[<prev] [next>] [<thread-prev] [thread-next>] [day] [month] [year] [list]
Message-ID: <BC02C49EEB98354DBA7F5DD76F2A9E80031752B166@azsmsx501.amr.corp.intel.com>
Date: Thu, 15 Jan 2009 00:11:51 -0700
From: "Ma, Chinang" <chinang.ma@...el.com>
To: Steven Rostedt <srostedt@...hat.com>,
Andrew Morton <akpm@...ux-foundation.org>
CC: Matthew Wilcox <matthew@....cx>,
"Wilcox, Matthew R" <matthew.r.wilcox@...el.com>,
"linux-kernel@...r.kernel.org" <linux-kernel@...r.kernel.org>,
"Tripathi, Sharad C" <sharad.c.tripathi@...el.com>,
"arjan@...ux.intel.com" <arjan@...ux.intel.com>,
"Kleen, Andi" <andi.kleen@...el.com>,
"Siddha, Suresh B" <suresh.b.siddha@...el.com>,
"Chilukuri, Harita" <harita.chilukuri@...el.com>,
"Styner, Douglas W" <douglas.w.styner@...el.com>,
"Wang, Peter Xihong" <peter.xihong.wang@...el.com>,
"Nueckel, Hubert" <hubert.nueckel@...el.com>,
"chris.mason@...cle.com" <chris.mason@...cle.com>,
"linux-scsi@...r.kernel.org" <linux-scsi@...r.kernel.org>,
Andrew Vasquez <andrew.vasquez@...gic.com>,
Anirban Chakraborty <anirban.chakraborty@...gic.com>,
Ingo Molnar <mingo@...hat.com>,
Thomas Gleixner <tglx@...utronix.de>,
Peter Zijlstra <peterz@...radead.org>,
Gregory Haskins <ghaskins@...ell.com>
Subject: RE: Mainline kernel OLTP performance update
Trying to answer to some of the question below:
-Chinang
>-----Original Message-----
>From: Steven Rostedt [mailto:srostedt@...hat.com]
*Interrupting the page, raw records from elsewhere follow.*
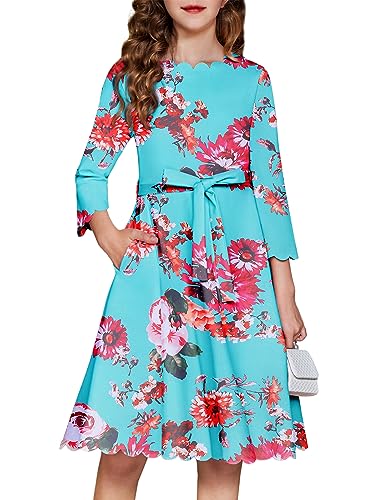 Arshiner Blumenmädchenkleider Prinzessin Kleid Mädchen Kinder A-Linie Festlich Hochzeit Erstkommunion Geburtstag Kleider Blaue Blumen 160 von Arshiner
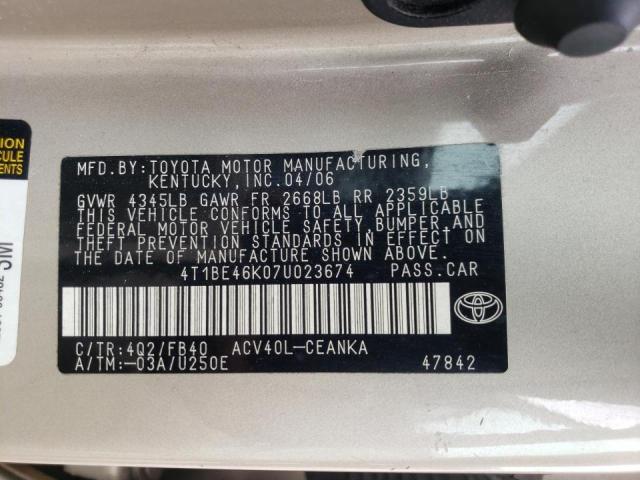 Photo 10 from auction – 2007 TOYOTA CAMRY CE with VIN 4T1BE46K07U023674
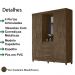 Guarda Roupa 4 Portas Com Espelho 8313 Castanho Wood Moval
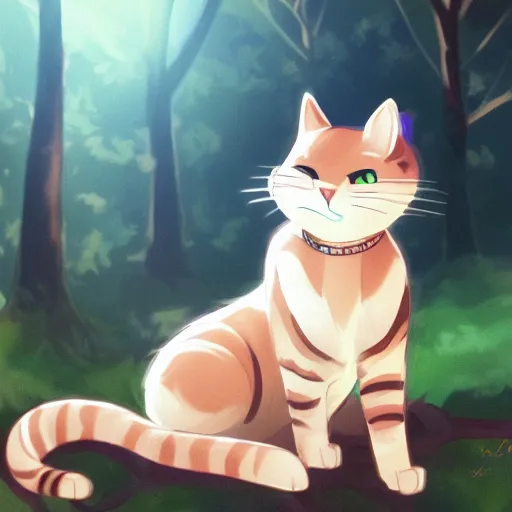 Image similar to a portrait of a cat in the forest, trending on artstation, trending on furaffinity, digital art, by kawacy, anime, furry art, warm light, backlighting, cartoon, concept art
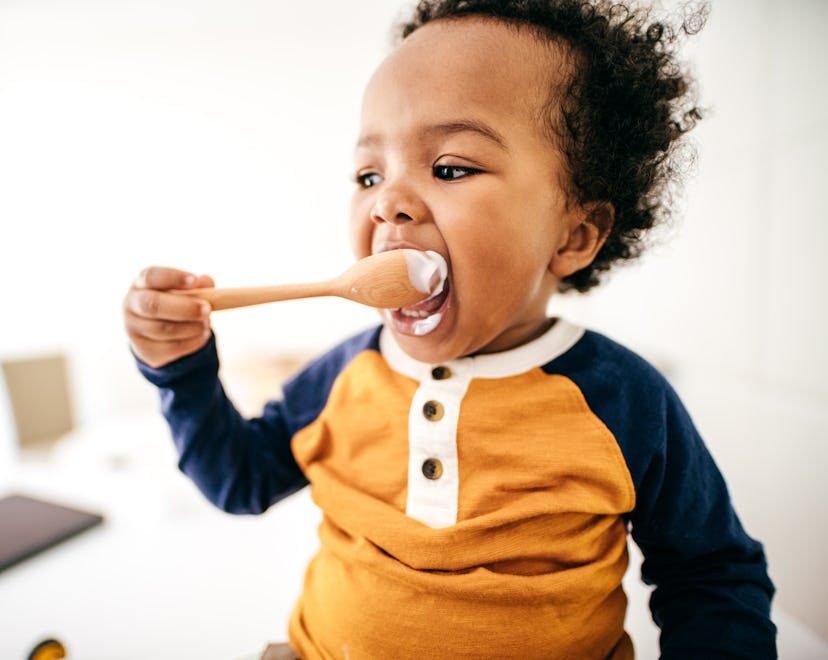 Babies eating Greek yogurt is a good thing, experts say.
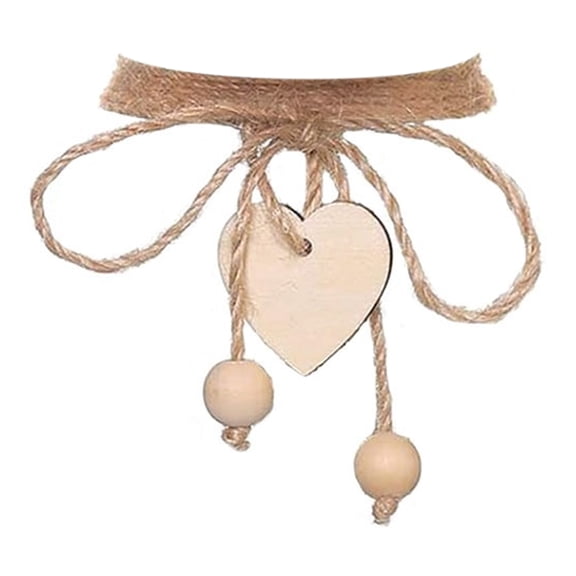 OIUR Vase Love Heart Decoration Rope Handmade Wood Bead Jute Rope with Love Heart Sign Crafts Gift Wrapping Packing Decorative Rope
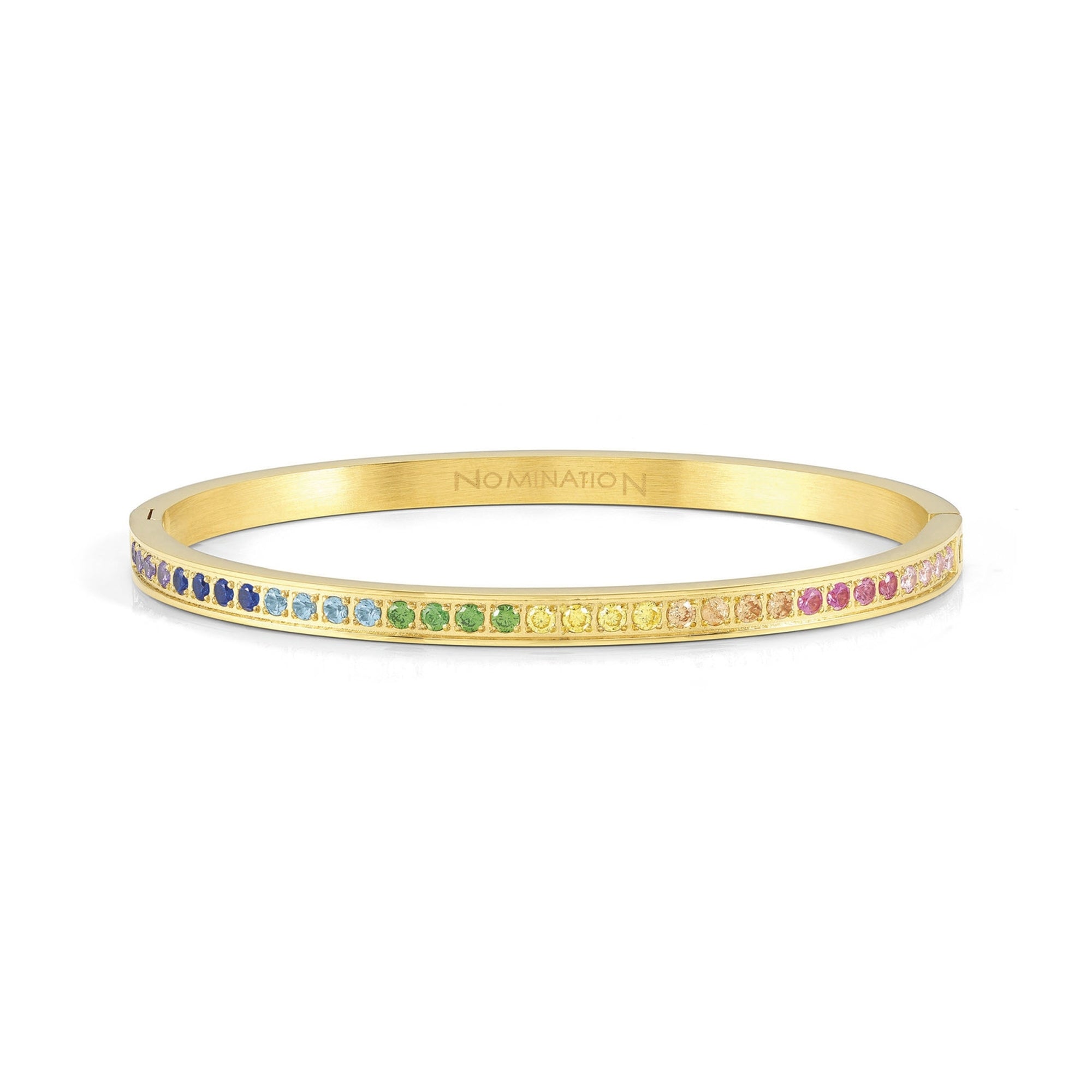 PRETTY BANGLES bracelet in steel and cz MIXED fin. Yellow Gold PVD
>Sent: Wednesday, January 14, 2009 6:27 PM
>To: Andrew Morton
>Cc: Matthew Wilcox; Wilcox, Matthew R; Ma, Chinang; linux-
>kernel@...r.kernel.org; Tripathi, Sharad C; arjan@...ux.intel.com; Kleen,
>Andi; Siddha, Suresh B; Chilukuri, Harita; Styner, Douglas W; Wang, Peter
>Xihong; Nueckel, Hubert; chris.mason@...cle.com; linux-scsi@...r.kernel.org;
>Andrew Vasquez; Anirban Chakraborty; Ingo Molnar; Thomas Gleixner; Peter
>Zijlstra; Gregory Haskins
>Subject: Re: Mainline kernel OLTP performance update
>
>(added Ingo, Thomas, Peter and Gregory)
>
>On Wed, 2009-01-14 at 18:04 -0800, Andrew Morton wrote:
>> On Wed, 14 Jan 2009 18:21:47 -0700 Matthew Wilcox <matthew@....cx> wrote:
>>
>> > On Wed, Jan 14, 2009 at 04:35:57PM -0800, Andrew Morton wrote:
>> > > On Tue, 13 Jan 2009 15:44:17 -0700
>> > > "Wilcox, Matthew R" <matthew.r.wilcox@...el.com> wrote:
>> > > >
>> > >
>> > > (top-posting repaired. That @intel.com address is a bad influence ;))
>> >
>> > Alas, that email address goes to an Outlook client. Not much to be
>done
>> > about that.
>>
>> aspirin?
>>
>> > > (cc linux-scsi)
>> > >
>> > > > > This is latest 2.6.29-rc1 kernel OLTP performance result. Compare
>to
>> > > > > 2.6.24.2 the regression is around 3.5%.
>> > > > >
>> > > > > Linux OLTP Performance summary
>> > > > > Kernel# Speedup(x) Intr/s CtxSw/s us% sys% idle%
>iowait%
>> > > > > 2.6.24.2 1.000 21969 43425 76 24 0
>0
>> > > > > 2.6.27.2 0.973 30402 43523 74 25 0
>1
>> > > > > 2.6.29-rc1 0.965 30331 41970 74 26 0
>0
>> >
>> > > But the interrupt rate went through the roof.
>> >
>> > Yes. I forget why that was; I'll have to dig through my archives for
>> > that.
>>
>> Oh. I'd have thought that this alone could account for 3.5%.
>>
>> > > A 3.5% slowdown in this workload is considered pretty serious, isn't
>it?
>> >
>> > Yes. Anything above 0.3% is statistically significant. 1% is a big
>> > deal. The fact that we've lost 3.5% in the last year doesn't make
>> > people happy. There's a few things we've identified that have a big
>> > effect:
>> >
>> > - Per-partition statistics. Putting in a sysctl to stop doing them
>gets
>> > some of that back, but not as much as taking them out (even when
>> > the sysctl'd variable is in a __read_mostly section). We tried a
>> > patch from Jens to speed up the search for a new partition, but it
>> > had no effect.
>>
>> I find this surprising.
>>
>> > - The RT scheduler changes. They're better for some RT tasks, but not
>> > the database benchmark workload. Chinang has posted about
>> > this before, but the thread didn't really go anywhere.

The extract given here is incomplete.